• Requirement:
In the listing below, transcribe the line that contains "Кипячение воды фото Новости" and all lines following it, ending with the last line. Add nothing.

• The data:
+ + + + + + +
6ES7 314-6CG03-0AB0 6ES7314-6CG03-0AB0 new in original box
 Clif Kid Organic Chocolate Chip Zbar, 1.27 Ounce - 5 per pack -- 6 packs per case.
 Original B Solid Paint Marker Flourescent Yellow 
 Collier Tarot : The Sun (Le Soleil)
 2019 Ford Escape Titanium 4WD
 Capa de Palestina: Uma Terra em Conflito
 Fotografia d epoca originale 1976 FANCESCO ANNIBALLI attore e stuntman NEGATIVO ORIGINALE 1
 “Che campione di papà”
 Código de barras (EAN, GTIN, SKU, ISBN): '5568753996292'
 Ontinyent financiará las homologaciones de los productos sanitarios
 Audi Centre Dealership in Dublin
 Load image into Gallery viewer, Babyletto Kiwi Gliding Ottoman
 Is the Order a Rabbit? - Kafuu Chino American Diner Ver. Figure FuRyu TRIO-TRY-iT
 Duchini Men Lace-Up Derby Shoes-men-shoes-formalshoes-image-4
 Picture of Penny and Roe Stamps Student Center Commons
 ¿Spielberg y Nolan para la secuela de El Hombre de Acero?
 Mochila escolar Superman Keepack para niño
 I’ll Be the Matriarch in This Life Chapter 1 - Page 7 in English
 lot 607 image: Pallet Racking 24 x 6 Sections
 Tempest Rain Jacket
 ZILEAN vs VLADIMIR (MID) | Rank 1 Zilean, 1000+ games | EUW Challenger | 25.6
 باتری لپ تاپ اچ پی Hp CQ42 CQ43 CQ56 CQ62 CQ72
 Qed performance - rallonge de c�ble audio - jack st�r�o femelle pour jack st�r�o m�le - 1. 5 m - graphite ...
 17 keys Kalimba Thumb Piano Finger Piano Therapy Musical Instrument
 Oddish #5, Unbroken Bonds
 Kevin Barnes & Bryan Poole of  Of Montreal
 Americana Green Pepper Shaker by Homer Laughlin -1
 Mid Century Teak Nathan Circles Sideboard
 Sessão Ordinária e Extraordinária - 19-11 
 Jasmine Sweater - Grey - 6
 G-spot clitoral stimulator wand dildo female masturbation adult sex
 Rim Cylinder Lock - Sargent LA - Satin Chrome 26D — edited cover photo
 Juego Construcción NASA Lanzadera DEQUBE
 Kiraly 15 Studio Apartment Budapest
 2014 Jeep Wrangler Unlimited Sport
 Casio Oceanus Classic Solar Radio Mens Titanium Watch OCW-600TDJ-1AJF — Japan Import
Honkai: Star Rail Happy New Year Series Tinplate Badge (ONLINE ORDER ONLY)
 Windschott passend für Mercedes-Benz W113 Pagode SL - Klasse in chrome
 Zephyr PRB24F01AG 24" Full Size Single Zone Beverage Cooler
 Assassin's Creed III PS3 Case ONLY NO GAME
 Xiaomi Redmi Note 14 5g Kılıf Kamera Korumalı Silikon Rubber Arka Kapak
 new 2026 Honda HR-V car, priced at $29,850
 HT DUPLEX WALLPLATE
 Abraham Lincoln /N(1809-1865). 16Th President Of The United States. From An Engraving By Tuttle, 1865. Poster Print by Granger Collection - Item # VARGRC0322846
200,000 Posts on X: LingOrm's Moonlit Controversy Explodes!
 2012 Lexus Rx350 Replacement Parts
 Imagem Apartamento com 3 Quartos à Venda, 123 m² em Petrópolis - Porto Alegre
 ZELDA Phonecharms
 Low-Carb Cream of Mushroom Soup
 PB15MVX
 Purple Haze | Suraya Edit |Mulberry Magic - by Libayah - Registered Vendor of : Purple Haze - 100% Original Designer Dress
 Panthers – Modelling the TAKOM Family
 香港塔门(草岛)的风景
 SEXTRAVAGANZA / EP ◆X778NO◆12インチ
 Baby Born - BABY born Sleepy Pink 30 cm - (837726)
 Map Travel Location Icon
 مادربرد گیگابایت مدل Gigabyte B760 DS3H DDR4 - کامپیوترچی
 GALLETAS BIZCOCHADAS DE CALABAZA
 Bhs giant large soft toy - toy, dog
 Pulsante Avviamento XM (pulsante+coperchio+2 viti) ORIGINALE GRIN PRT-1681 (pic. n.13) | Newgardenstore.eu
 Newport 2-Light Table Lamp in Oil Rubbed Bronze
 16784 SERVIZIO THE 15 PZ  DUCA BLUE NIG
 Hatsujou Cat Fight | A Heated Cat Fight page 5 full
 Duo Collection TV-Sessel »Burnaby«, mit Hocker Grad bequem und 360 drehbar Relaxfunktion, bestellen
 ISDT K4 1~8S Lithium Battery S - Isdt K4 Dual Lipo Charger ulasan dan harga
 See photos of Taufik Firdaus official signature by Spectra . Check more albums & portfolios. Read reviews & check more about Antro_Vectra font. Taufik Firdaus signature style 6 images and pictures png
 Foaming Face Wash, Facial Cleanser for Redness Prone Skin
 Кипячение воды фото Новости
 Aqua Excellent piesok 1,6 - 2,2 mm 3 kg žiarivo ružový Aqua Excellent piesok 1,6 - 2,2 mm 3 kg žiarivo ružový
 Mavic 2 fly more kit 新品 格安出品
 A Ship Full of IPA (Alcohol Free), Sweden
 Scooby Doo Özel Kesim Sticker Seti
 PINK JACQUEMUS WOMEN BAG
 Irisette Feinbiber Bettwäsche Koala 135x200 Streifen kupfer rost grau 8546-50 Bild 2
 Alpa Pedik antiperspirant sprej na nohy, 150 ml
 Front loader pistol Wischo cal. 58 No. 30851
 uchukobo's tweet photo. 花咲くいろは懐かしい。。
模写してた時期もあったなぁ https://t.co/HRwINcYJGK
+ + + + + + +
• Final answer:
 Кипячение воды фото Новости
 Aqua Excellent piesok 1,6 - 2,2 mm 3 kg žiarivo ružový Aqua Excellent piesok 1,6 - 2,2 mm 3 kg žiarivo ružový
 Mavic 2 fly more kit 新品 格安出品
 A Ship Full of IPA (Alcohol Free), Sweden
 Scooby Doo Özel Kesim Sticker Seti
 PINK JACQUEMUS WOMEN BAG
 Irisette Feinbiber Bettwäsche Koala 135x200 Streifen kupfer rost grau 8546-50 Bild 2
 Alpa Pedik antiperspirant sprej na nohy, 150 ml
 Front loader pistol Wischo cal. 58 No. 30851
 uchukobo's tweet photo. 花咲くいろは懐かしい。。
模写してた時期もあったなぁ https://t.co/HRwINcYJGK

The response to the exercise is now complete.